## Available data
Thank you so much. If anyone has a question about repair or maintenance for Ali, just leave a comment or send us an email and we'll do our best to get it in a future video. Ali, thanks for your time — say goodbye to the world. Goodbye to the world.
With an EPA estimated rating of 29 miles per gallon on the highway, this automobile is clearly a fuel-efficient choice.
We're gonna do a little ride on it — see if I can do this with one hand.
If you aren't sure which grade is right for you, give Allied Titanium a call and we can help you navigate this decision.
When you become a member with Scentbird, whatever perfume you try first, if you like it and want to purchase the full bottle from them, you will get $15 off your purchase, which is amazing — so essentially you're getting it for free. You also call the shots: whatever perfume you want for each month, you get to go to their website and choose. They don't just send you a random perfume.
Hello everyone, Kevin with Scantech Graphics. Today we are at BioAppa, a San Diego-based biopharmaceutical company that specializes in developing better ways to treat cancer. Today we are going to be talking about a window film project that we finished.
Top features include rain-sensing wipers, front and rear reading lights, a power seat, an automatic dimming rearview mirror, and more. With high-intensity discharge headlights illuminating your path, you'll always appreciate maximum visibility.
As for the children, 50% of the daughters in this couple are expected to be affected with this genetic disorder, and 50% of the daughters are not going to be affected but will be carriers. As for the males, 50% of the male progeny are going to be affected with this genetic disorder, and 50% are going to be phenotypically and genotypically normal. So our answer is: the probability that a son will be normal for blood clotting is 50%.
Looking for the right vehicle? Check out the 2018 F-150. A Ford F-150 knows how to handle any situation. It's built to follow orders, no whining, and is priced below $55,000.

---

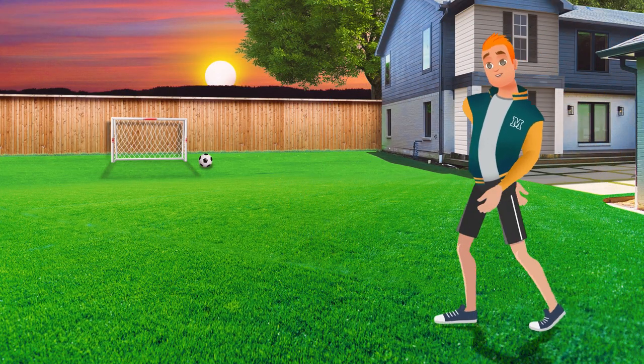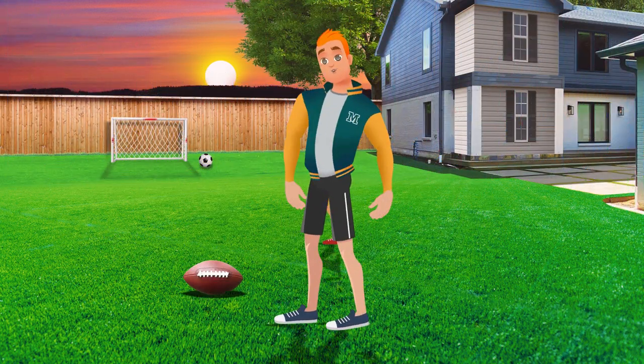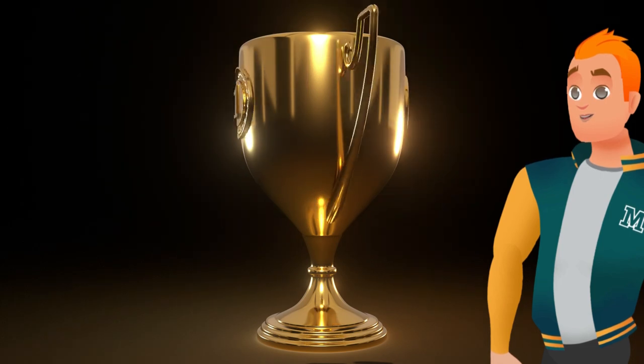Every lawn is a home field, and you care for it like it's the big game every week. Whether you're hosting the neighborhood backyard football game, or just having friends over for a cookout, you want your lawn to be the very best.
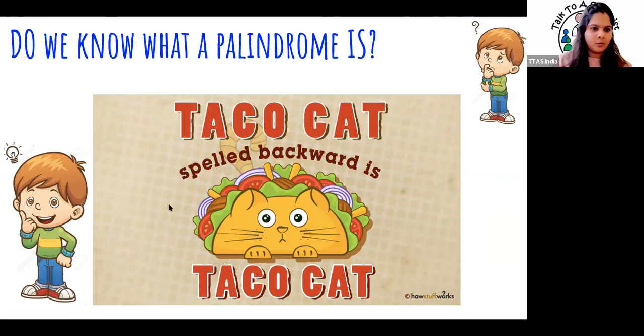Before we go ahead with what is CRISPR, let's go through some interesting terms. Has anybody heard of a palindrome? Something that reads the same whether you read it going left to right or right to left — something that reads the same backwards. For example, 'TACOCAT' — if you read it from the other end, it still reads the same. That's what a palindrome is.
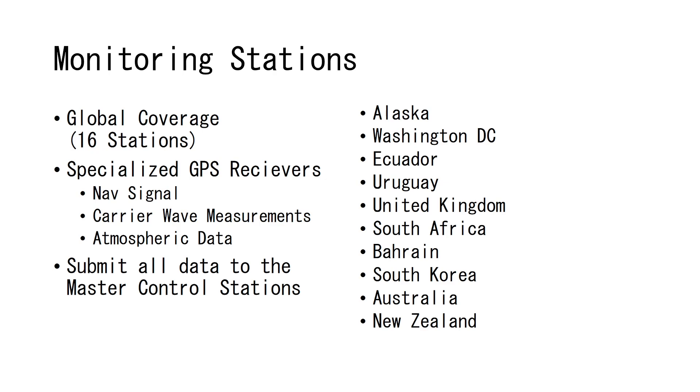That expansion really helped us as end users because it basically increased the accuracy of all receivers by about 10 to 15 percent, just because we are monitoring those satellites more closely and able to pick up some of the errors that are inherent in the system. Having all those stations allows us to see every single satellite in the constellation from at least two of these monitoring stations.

...

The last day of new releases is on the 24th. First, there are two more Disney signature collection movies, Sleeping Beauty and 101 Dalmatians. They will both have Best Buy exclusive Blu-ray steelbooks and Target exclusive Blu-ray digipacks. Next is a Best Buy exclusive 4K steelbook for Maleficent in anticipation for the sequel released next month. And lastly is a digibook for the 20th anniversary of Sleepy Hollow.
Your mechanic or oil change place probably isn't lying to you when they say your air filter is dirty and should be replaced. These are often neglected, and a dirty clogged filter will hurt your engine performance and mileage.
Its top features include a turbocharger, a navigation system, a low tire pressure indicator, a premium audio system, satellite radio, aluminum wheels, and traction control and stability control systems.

## Work to be completed
Starting with the line above that holds "As for the children, 50%" and stopping with the line that holds "Looking for the", reproduce each line exactly, omitting all other lines.

## Exercise output
As for the children, 50% of the daughters in this couple are expected to be affected with this genetic disorder, and 50% of the daughters are not going to be affected but will be carriers. As for the males, 50% of the male progeny are going to be affected with this genetic disorder, and 50% are going to be phenotypically and genotypically normal. So our answer is: the probability that a son will be normal for blood clotting is 50%.
Looking for the right vehicle? Check out the 2018 F-150. A Ford F-150 knows how to handle any situation. It's built to follow orders, no whining, and is priced below $55,000.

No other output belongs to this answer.